··· Source material ···

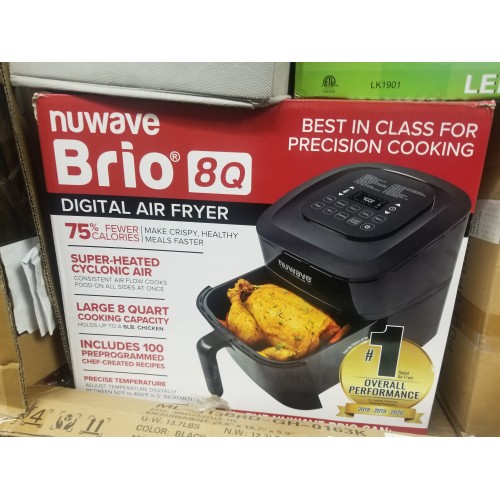 Nuwave Brio 8-Qt Air Fryer, Powerful 1800W, Easy-to-Read Cool White Display, 50°-400°F Temp Controls, 100 Pre-Programmed Presets & 50 Memory Slots, Integrated Smart Thermometer, Linear T Technology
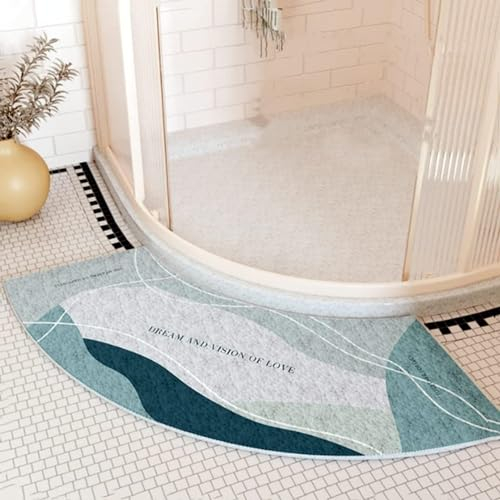YZBBSH Eck-Duschmatten, rutschfest, gebogen, für Badezimmer und Dusche, halbrund, waschbar, Badezimmerteppich, Eckbadewanne, Bodenteppich (B)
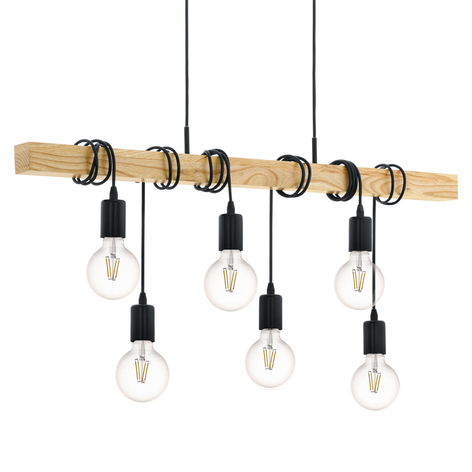 Suspension Townshend avec du bois 6 lampes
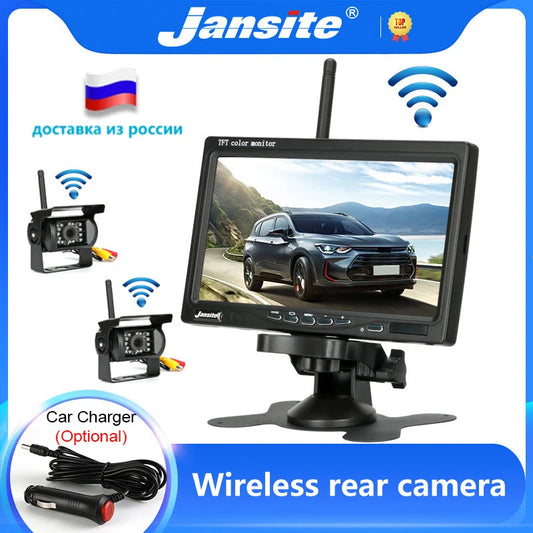 Jansite 7 inch Wireless Truck Camera For Trucks Bus RV Trailer Excavator Car Monitor Reverse Image Rear View Car Camera 12V-24V [CAR]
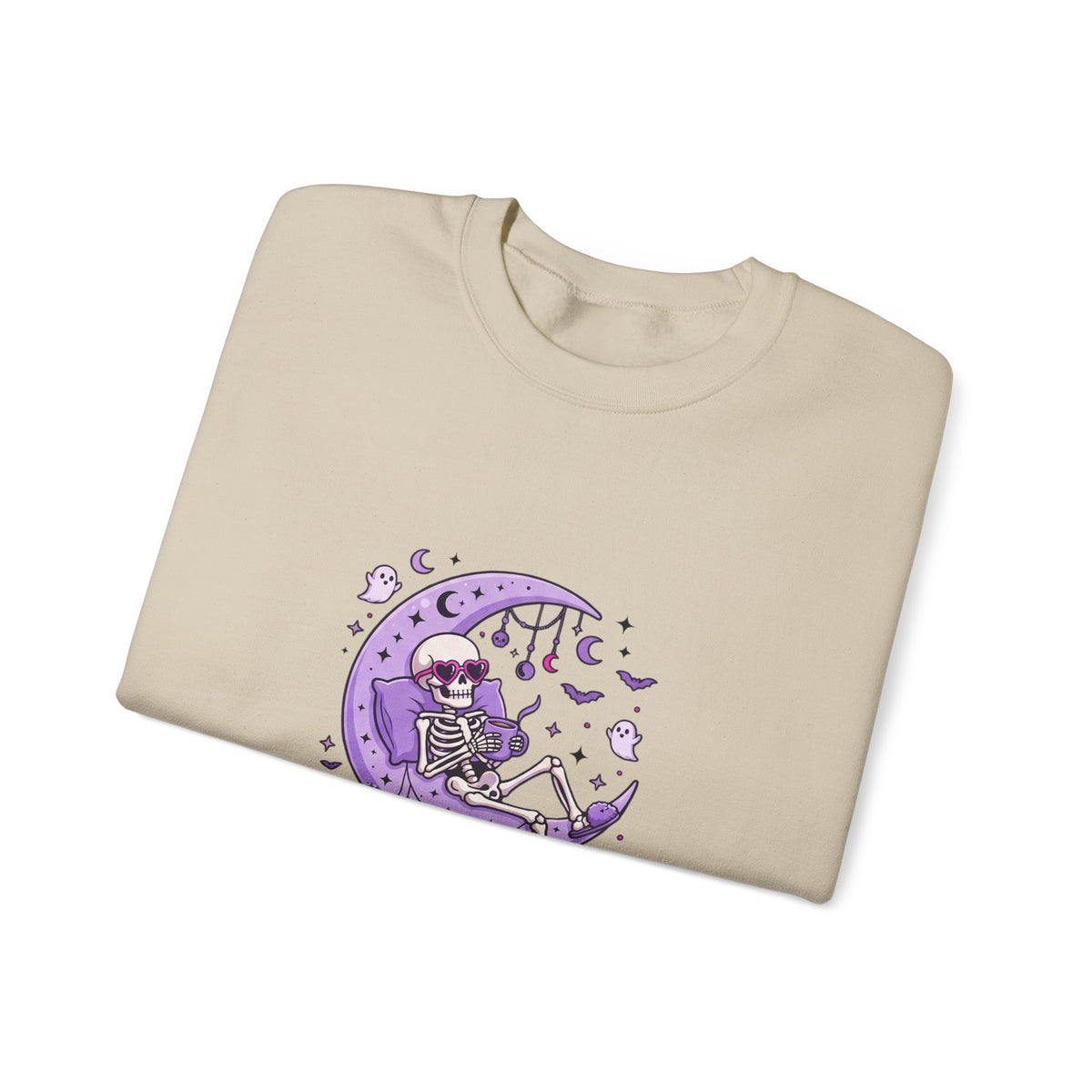 Skeleton on Moon Crewneck Sweatshirt — "Spooky & Unsocialized" Purple Gothic Graphic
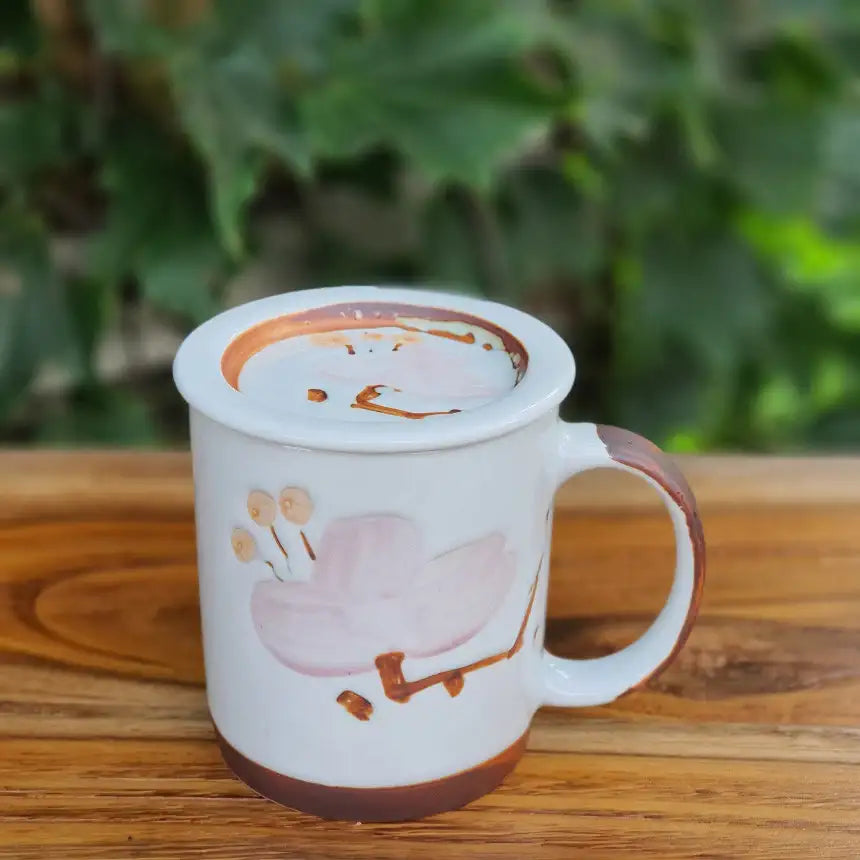 Bosan Pottery - Azalea Handmade Porcelain Mug with Lid - Bosan Pottery - Home & Living, Accessories - Harumio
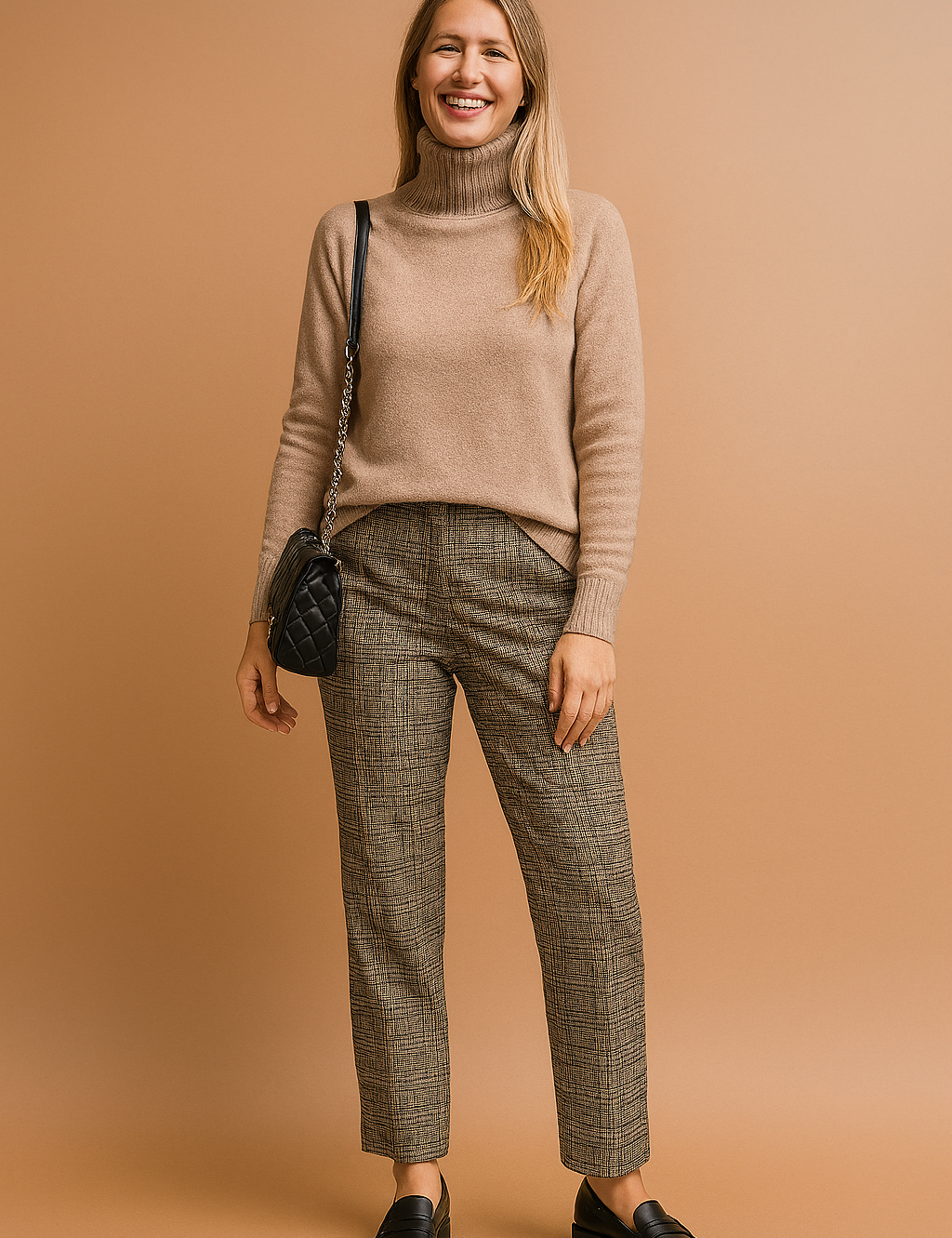 Taupe beige soft knit turtleneck sweater with ribbed cuffs and hem, styled with tailored plaid trousers, black loafers, and a quilted black shoulder bag.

···

Action item
Please output only the lines running from the one that holds "YZBBSH Eck-Duschmatten, rutschfest, gebogen, für" through the last line of the entries, both ends included, without any images.

Answer below
YZBBSH Eck-Duschmatten, rutschfest, gebogen, für Badezimmer und Dusche, halbrund, waschbar, Badezimmerteppich, Eckbadewanne, Bodenteppich (B)
 Suspension Townshend avec du bois 6 lampes
 Jansite 7 inch Wireless Truck Camera For Trucks Bus RV Trailer Excavator Car Monitor Reverse Image Rear View Car Camera 12V-24V [CAR]
 Skeleton on Moon Crewneck Sweatshirt — "Spooky & Unsocialized" Purple Gothic Graphic
 Bosan Pottery - Azalea Handmade Porcelain Mug with Lid - Bosan Pottery - Home & Living, Accessories - Harumio
 Taupe beige soft knit turtleneck sweater with ribbed cuffs and hem, styled with tailored plaid trousers, black loafers, and a quilted black shoulder bag.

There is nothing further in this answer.